Fri, Mar 30, 2007 - Page 22 News List

Counting the costs of early World Cup exits

AFP , NEW DELHI

A man walks in front of a promotion billboard featuring Pakistani cricket legend Imran Khan, second right, Pakistan's World Cup cricket team captain Inzamam-ul-Haq, second left, and team members Younis Khan, left, and Kamran Akmal in a street in Islamabad, Pakistan, yesterday.

PHOTO: AFP

The stunning exits of Pakistan and India from cricket's World Cup has left one of the game's biggest sponsors reviewing its future in the sport and sent the advertising world into a tailspin.

Giants such as Pepsi have had to rethink marketing campaigns centred around the teams, Indian advertisers are demanding cut-price television spots and in Pakistan the ad industry reckons losses will run into millions of dollars.

"We are sunk," said Delhi-based advertising executive Rajmohan Singh. "No one wants to advertise any more. Is there a World Cup going on? Where? My figures don't show that."

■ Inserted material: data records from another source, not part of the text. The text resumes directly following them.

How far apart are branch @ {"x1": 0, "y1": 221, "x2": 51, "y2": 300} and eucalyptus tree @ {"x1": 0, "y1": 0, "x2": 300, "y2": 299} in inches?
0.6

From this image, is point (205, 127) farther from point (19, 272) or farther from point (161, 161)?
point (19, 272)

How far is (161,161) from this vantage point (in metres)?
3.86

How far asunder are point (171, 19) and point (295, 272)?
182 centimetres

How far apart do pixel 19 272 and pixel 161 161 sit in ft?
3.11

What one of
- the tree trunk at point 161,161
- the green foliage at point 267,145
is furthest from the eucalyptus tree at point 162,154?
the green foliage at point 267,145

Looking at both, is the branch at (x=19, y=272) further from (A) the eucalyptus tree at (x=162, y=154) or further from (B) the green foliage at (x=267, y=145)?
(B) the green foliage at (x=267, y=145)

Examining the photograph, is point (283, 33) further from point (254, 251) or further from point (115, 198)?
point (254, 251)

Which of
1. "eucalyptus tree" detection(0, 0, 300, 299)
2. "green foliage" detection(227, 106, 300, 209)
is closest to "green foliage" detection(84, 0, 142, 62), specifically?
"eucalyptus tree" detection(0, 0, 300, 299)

South Korea's LG Electronics said it was unsure if it would remain a global partner of the International Cricket Council (ICC) when sponsorship contracts are renegotiated later this year.

LG, which jumped on the cricket bandwagon seven years ago, said its priorities had changed.

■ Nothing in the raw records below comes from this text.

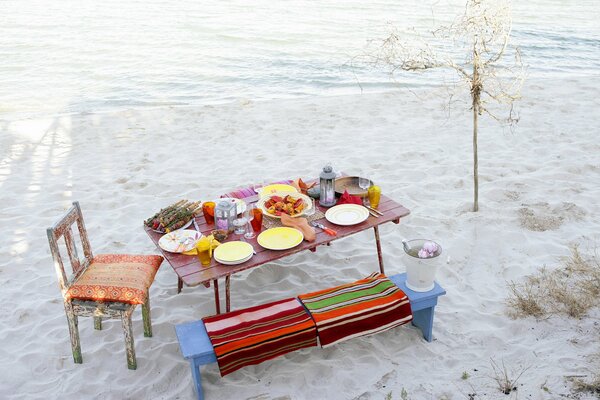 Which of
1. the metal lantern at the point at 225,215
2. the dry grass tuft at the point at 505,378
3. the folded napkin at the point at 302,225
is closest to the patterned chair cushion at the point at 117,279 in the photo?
the metal lantern at the point at 225,215

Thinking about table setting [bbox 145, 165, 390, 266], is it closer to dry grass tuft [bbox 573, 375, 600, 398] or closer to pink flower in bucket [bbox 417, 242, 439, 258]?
pink flower in bucket [bbox 417, 242, 439, 258]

India failed to advance to the Super Eight round last week after losing two of their three games in the preliminary stage.

Pakistan went out at the hands of minnows Ireland in one of the sport's biggest shocks.

Five ICC sponsors -- LG, Pepsi, Hutch, Hero Honda and Indian Oil -- focus their cricket advertising on India, where passion for the sport is a sponsors' dream.

The ICC has not revealed its new partners after selling global media rights for the next eight years to ESPN-Star television network for an estimated US$1.1 billion.

The deal takes effect after this World Cup and covers 18 ICC tournaments, including the World Cup in 2011 in South Asia and in 2015 in Australia and New Zealand.

Sony Entertainment Television, which paid a reported US$300 million to beam this year's World Cup and other ICC tournaments to India over the past seven years, did not even bid for the new rights.

"We did not think it would have been a profitable deal," said its head Kunal Dasgupta, who is already struggling to prevent advertisers from pulling out of this World Cup.

The Indian Broadcasting Foundation, which protects the interests of the TV networks, had to step in when advertisers asked Sony Entertainment Television to renegotiate rates because of falling viewing figures as India and Pakistan returned home.

"It is a commercial contract and has to be honored," a foundation official, Naresh Chahal, said. "When India reached the final in 2003, did Sony ask advertisers to pay a higher amount on sealed deals?"

Sony is braced for losses as it charged US$6,000 for a 10-second spot for India matches and only US$2,200 for games not featuring India.

Pepsi, like many other companies, has withdrawn costly World Cup-specific advertisements targeting the Indian team.

The head of the Pakistan Advertising Association, Masood Hashmi, estimated losses there at "billions of Pakistani rupees, maybe 2 to 3 billion" (US$33 million to US$50 million).

"Advertising companies have launched schemes featuring Pakistani players worth millions of rupees but the big drop in viewership of the World Cup has had a negative impact," Hashmi added.

Many campaigns and commercials have had to be redesigned, while some on TV channels and in the print media have been stopped outright, he said.